What you don't understand is that I reject your entire assumption that there is a معضلة here that needs to be "solved."  There isn't.  You're just putting the cart before the horse: you think that a text like the Quran is supposed to conform to standardized rules that you were taught in middle school, which were in turn based on an attempt to standardize grammar that took place long after the text was written.  The purpose of grammar is to _describe_ how people actually speak and explain it.  If you come up with a rule to explain a phenomenon, then you find that the phenomenon doesn't always conform to your proposed rule, then it's the rule that needs to be refined and adjusted.  You can't just apply grammatical rules retroactively.  I'm reminded of an anecdote about al-Farazdaq, where some urban grammarian criticized the way he declined a certain word and al-Farazdaq replied: نحن علينا أن نقول وأنتم عليكم أن تتأولوا.



> لأن استحداث كلمات جديدة لا قرائن لها في النص لمجرد أن يبنى عليها الخطأ، هو عمل أقرب ما يكون إلى التأليف والتلاعب الصريح في النص، ناهيك عن أن تبرير الخطأ النحوي بافتراض كلمة ليس لها وجود يزيد المسألة سوءا ولا يصححها لأنه سيجعل من اللغة العربية، لغة فوضوية متخبطة لا تتبع قواعد وتراكيب معينة



وهل القرآن يتبع لغة فوضوية؟  القرآن جاء على لغة العرب في زمانه، فكأنك تقولين إن لغة العرب قبل العصر العباسي كانت لغة فوضوية. ألست أنت من أنكرت بشدة أن يكون العرب بلا نحو ولا صرف؟  أنت تناقضين نفسك.

يبدو أنك تعتقدين أنك قد أحطت بكل النحو العربي، وما لا يتوافق مع القوالب التي في ذهنك لا بد أنه خطأ، لكن اللغة العربية أوسع بكثير من بضع قواعد تعلمتيها في المدرسة أو في الجامعة وعدم إحاطتك بذلك لا يعني أنها لغة فوضوية.



> Yes, as far as I know the diacritical dots were first invented in the Quran but years after the Quran was written down, and there are still many spelling mistakes, also the modren small alifs that are written over words were also invented to correct many of the spelling mistakes الصدقات is written as الصدقت , and سائحات is written سئحت and so on.

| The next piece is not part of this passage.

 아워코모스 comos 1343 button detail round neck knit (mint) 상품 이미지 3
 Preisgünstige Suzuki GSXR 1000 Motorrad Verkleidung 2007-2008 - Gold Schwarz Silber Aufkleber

Also, the Quran does not distinguish between التاء المربوطة و التاء المفتوحة thus رحمة is written رحمت and this is wrong. Moreover, some versions of the Quran does not show the dots of الياء making الياء و الألف المقصورة look just the same.



These are not "spelling mistakes."  These are just vestiges of an older system of orthography.  Obviously, orthography can change and be standardized.  I don't know what your point is with this.​


----------



## L.2

Wadi Hanifa said:


> In Fus7a, the taa is optional with the pattern فعيل and strongly discouraged with the pattern فعول. In fact, it sounds very un-Arabic to say, for example, فلانة كذوبة..


 
You justified قريب in رحمة الله قريب as فعيل which I don't agree , however, the problem is that the Quran doesn't deal with them as feminine nouns because you see in other verse how the Quran uses a masculine اسم إشارة with رحمة. So maybe you want to find another justification. And that why I said those who try to justify these mistakes will face a difficult situation in other verses.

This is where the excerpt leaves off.